KISSIMMEE, Fla.--Last year, just six third baseman punched more than 150 games for their teams, compared to 13 at second base and 11 at first base and shortstop.

The hot corner can burn through a body fast.

(Listen to our Phillies insider, Matt Hammond's conversation with Michael Young)

That's why this offseason, before his age-36 season, Phillies third baseman Michael Young turned to a different type of training regimen, one that he thinks will help keep him on the field for as many as 155 to 160 games when games start to matter: mixed martial arts.

Guess you could say he's been fighting age, literally.

"It was awesome," he said after the Phillies 17-10 loss to the Atlanta Braves at Champions Field and the ESPN Wide World of Sports here.

"I’m going to do it every offseason."

His goal: to get in the best shape possible to not only endure the taxing 162-game schedule, but continue to polish his craft with the Phillies in Grapefruit League games this spring, even after 13 years in the bigs.

His regimen: his old routine, plus three times a week in an MMA gym.

"I wasn't taking blows to the chops or anything," he joked.

But he wasn't squandering any opportunities, now or in the regular (and maybe post) season, either. Even if that meant, as he said, grinding day in and out with little to no rest between workouts.

"That was my goal heading into the season," he said. "And that’s exactly what’s happened. I’ve been able to work really hard. I’m breaking a full sweat. But I don’t think I’ve really started to lose my breath one time."

This spring, Young has batted .294 in 18 games, making for technically his least productive exhibition season since 2006, when he hit .270 in 12 Cactus League games with the Texas Rangers.

Then again, Young's set high standards for himself: in his career, he's hit .370 in February and March, three times topping .400.

Still, the concern is that playing third base full-time for the first time since 2010 will, along with his age, begin to erode his .301 career average, why the Phillies sent Josh Lindblom to Texas to get him in December.

If so, Young doesn't feel it coming, physically.

"To be honest with you, I’ve felt the same my whole career," he said. "One thing I’ve heard most, (other players) say when you hit 30, that’s when your body starts to take a bit more of a beating. I never really felt that way. I feel the same as I’ve felt for a long time."

To Kevin Frandsen, that's how it looks, too.

"Look at him walking around," he joked on Sunday. "He’s young. People always do the age thing. They just assume by age. They don’t look. You always gotta look first."

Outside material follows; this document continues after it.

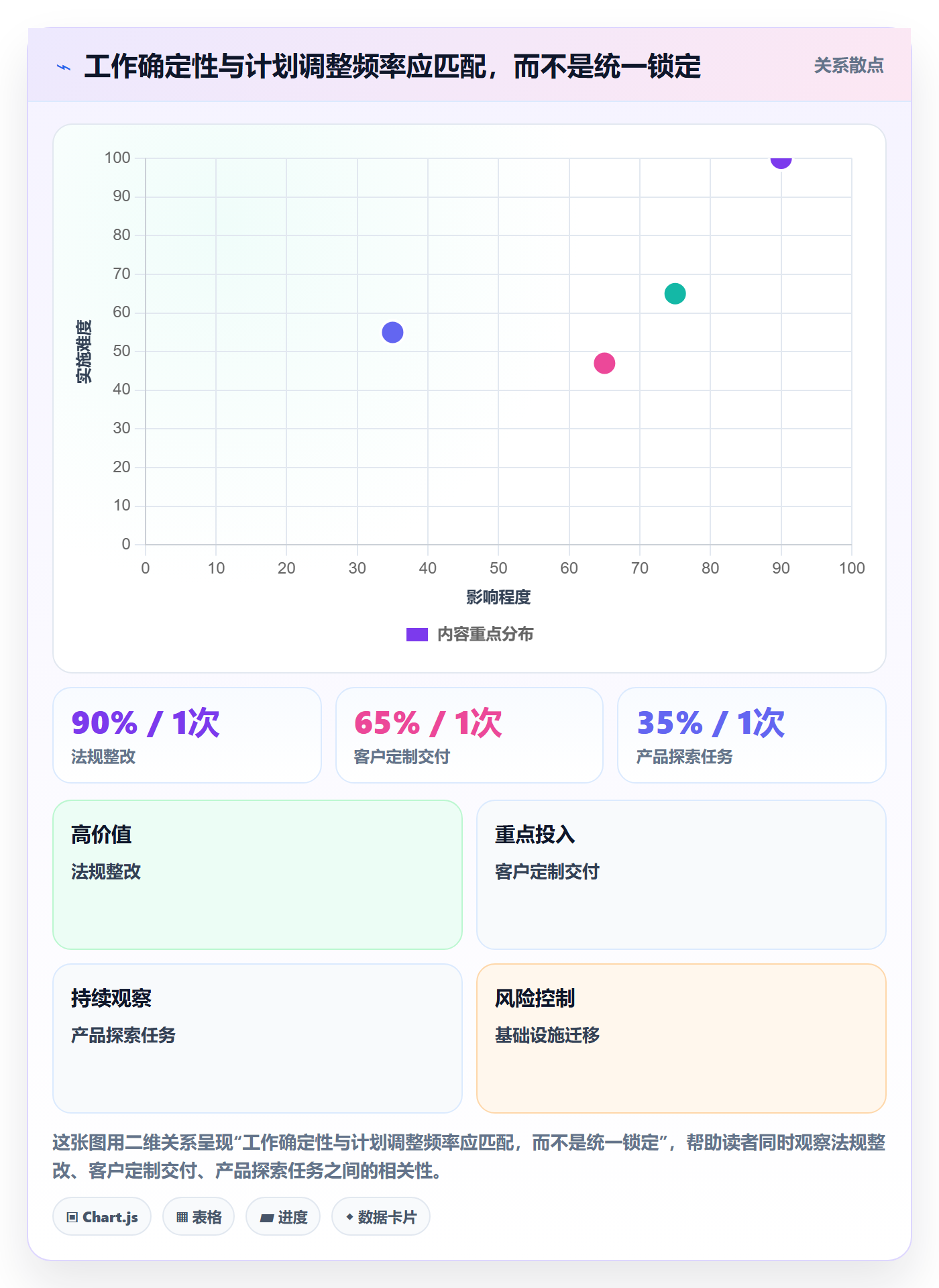 资源分配落地方案:企业管理者开展资源管理的制度设计案例解析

And, to Frandsen, take a closer look at the numbers.

"They say he had a down year last year. He hit like .280," he said with a laugh. "That’s a down year? I mean, really? The media portrays that as such a down year. Ask a lot of major leaguers what they would like. That would be a helluva year."

In both 2008 and 2010, Young hit .283 after hitting over .310 the year prior. The years after, he hit .322 and .388.

In both bounce-back years, he actually played the field more.

But if he's befallen by injury or the coaching staff opts to temper his usage, Frandsen will likely be the guy the Phillies turn to.

Nothing is for certain. But Frandsen's .338 average and .834 OPS in 55 games last summer and .298 average and .880 this spring make him a safe bet for one of two roster spots likely to go to utility infielders. Freddy Galvis will likely land the other.

"He’s been great," Young said of Frandsen. "Really versatile guy. Works hard. He and I take ground balls together every morning. I think that he knows he can carve himself out a really great niche."

In 2007, Frandsen seemed to have done just that for the Giants, hitting .269 in 109 games, but he was derailed by an Achilles injury the next spring, costing him all but one game. Between then and last season, he played 77 games and none in 2011.

For the three years since, Frandsen said, his focus has been his consistency -- not only in his performance, but also in his preparation.

That's partly where a guy like Young comes in.

"You hear all the stories about him, and he just tops it," Frandsen said of Young. "Just with his personality and willingness to help. He’ll ask me questions, there’s certain things I do, and I’m like, You’ve got the All-Star games behind you, buddy."

And, the Phillies hope, at least one more ahead of him.